De Kuyper CEO outlines ‘strategic roadmap’By Kristiane Sherry
De Kuyper CEO Mark de Witte is set to unleash a new dawn for the historic company as he seeks to “own the cocktail” with his strategic vision.
*This feature was initially published in the November 2015 issue of The Spirits Business magazine
It’s been a period of significant change for De Kuyper Royal Distillers. The family-owned Dutch liqueurs firm, with a history stretching back to 1695, has undergone a rebrand and unveiled a new distillery in the last 24 months alone, plus it recently, launched the Rutte white spirits brand.
Then, in July 2015, the pace of change quickened even further, when ex-Bacardi DACH & Nordics chief executive Mark de Witte took up the role of CEO.
The contrast between the two businesses is sharp, and the move from the world’s largest family-owned company to a smaller entity could have been a bumpy one. But it’s a change de Witte appears to be relishing.
Fresh off a plane from Bar Convent Berlin (he rates the bar scene in the city as fast catching up with that of London and New York), de Witte is animated, clearly passionate about the drinks trade and energised, despite the rigour of an undoubtedly hectic few days in his former stomping ground.

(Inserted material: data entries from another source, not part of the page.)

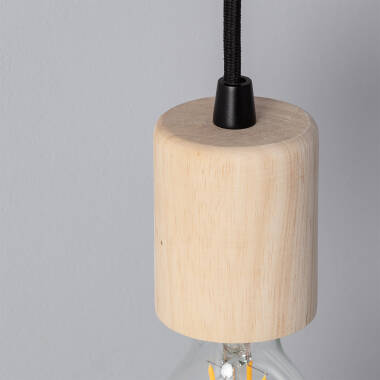 Product van Wandlamp Torse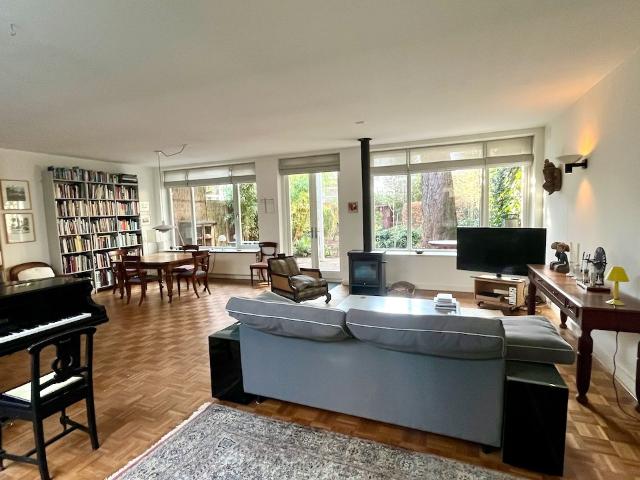 Te huur: Lange Beestenmarkt, 2512 ED Den Haag Lange Beestenmarkt, 2512 ED Den Haag | The Real Estate Company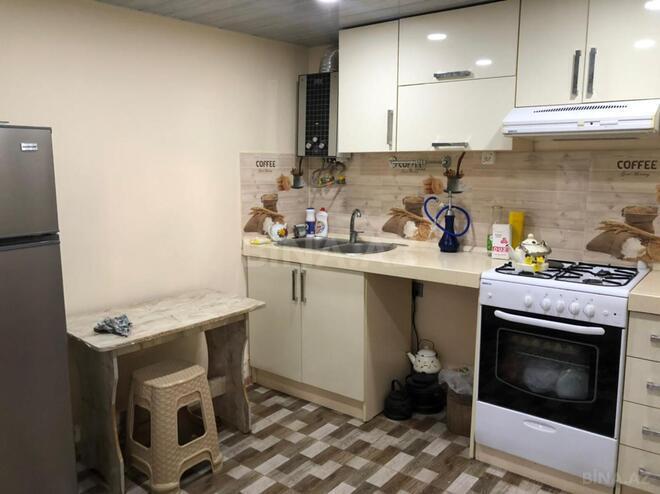 İcarəyə verilir 3 otaqlı həyət evi/bağ evi 250 m², Novxanı q., photo 12 from 22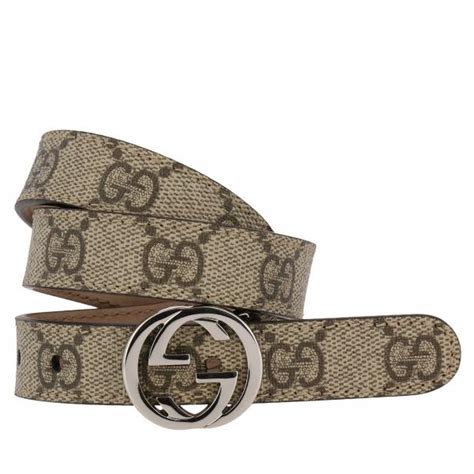 buy kids gucci online and ship to united kingdom|buy gucci online uk.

“It was fantastic,” he evaluates, clearly excited about his time at the event. “A lot of trends are really starting at BCB [in Berlin]. I do think there is a broader trend for real authenticity, craftsmanship… and the more classical cocktails are coming back.”
It’s this eagerness for the industry that shines through when we talk, and surely also smoothed the transition from Bacardi to De Kuyper. Both are family-owned, but, as de Witte notes, the difference in scale means that the familial values in the latter really come across strongly.
“In the case of De Kuyper family values are very, very clear – it’s ingrained in the company. The board is chaired by a non-family member – the family is in that respect at arm’s length and really trust the non- family management to run the business.”
But two family members do have a hands-on presence: Marc De Kuyper runs the US affiliate, while Remy De Kuyper heads up production.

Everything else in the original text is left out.